──────── Supplied information

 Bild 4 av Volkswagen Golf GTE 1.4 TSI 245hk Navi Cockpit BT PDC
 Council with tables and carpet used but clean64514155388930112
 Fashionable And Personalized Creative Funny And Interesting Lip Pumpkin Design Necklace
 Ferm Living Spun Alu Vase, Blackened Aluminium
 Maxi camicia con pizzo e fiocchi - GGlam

────────────────

Return exactly, and only, the line containing "Ferm Living Spun" and every line after it through the end of the material.

> _Written response_:
 Ferm Living Spun Alu Vase, Blackened Aluminium
 Maxi camicia con pizzo e fiocchi - GGlam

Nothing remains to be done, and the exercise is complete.